There are many reasons why a director may want to resign from a limited company. They may wish to retire or take on a new challenge. In some situations, they may have been asked to step down by other directors.
However, regardless of the reason for the resignation, there are important steps that must be followed to ensure that the resignation is completed correctly.
Let other directors know
An important first step is to let the other directors of the company know. Some directors make the mistaken assumption that alerting Companies House is the only action they need to take.
If the director who wants to resign is the sole director of the company, they need to ensure a new director is in place before their resignation.

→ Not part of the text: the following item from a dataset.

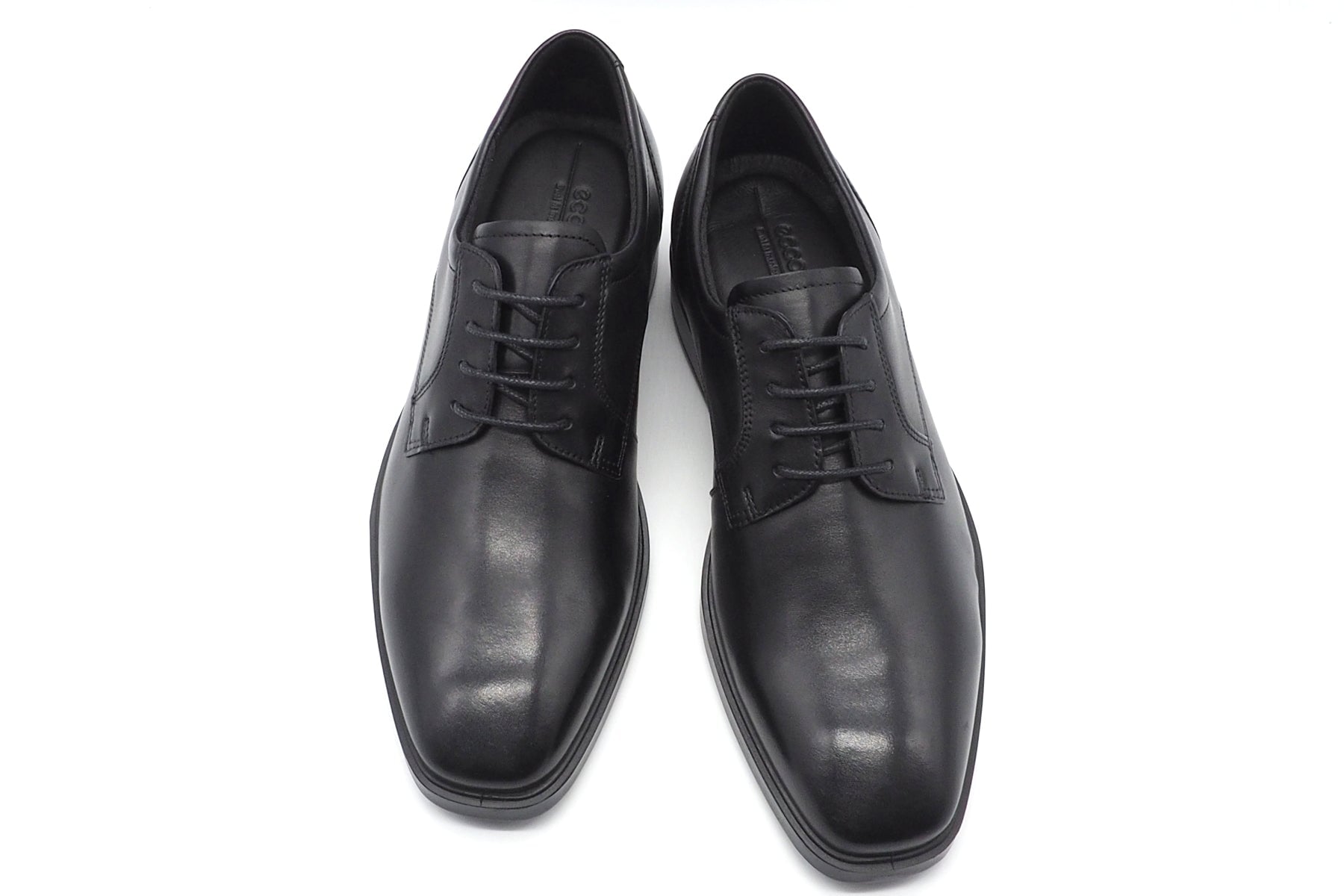 Eleganter Herren Schnürschuh aus Glattleder in Schwarz & weicher Sohle - Milan Herren Klassik modern Ecco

If they don’t do this the company could be struck from the register at Companies House.
From a practical point of view the director may also want to make customers and key stakeholders aware of their resignation, date of departure and who their contact at the business will be moving forward.
Write a letter of resignation
Although there is more to the resignation of a director than a letter of resignation, it is still a vital step in the process. The letter will need to be sent to the company, ideally including the proposed date of resignation.
Check legal documents and agreements
The resignation process may depend on what is set out in various legal documents and agreements. As such, an important step is to review these documents to ensure that the correct process is followed.
This includes the director’s service agreement or employment contract (if there is one) to check if there is a required resignation process.
The terms of any existing shareholders agreement should also be checked for the required process and consequences of resignation. For example, if the director is also a shareholder they may need to transfer their shares for a certain price. Shareholders’ consent may also be required to authorise the resignation.
The company’s articles of association may also include details of the resignation process and these should also be reviewed.
Some directors may make loans to the company, or the company may have made a loan to the director. If this is the case, the relevant loan agreement must be verified. The balance should be checked as well as the repayment terms to verify how the resignation might affect the loan and repayment schedule.
Get confirmation of company’s approval
A board resolution or board minutes are typically required to confirm the company’s approval of the resignation. This may be subject to any variations which may be required depending on the terms of the documents outlined above.
Notify Companies House
Companies House will need to be notified of the director’s resignation within fourteen days of the resignation by filing a TM01 form at Companies House.
After a director has resigned from a limited company, they will no longer have any legal responsibilities for the company and if the business encounters financial difficulties in the future there will be no impact on the director who has resigned, provided that they have followed the steps referred to in this article.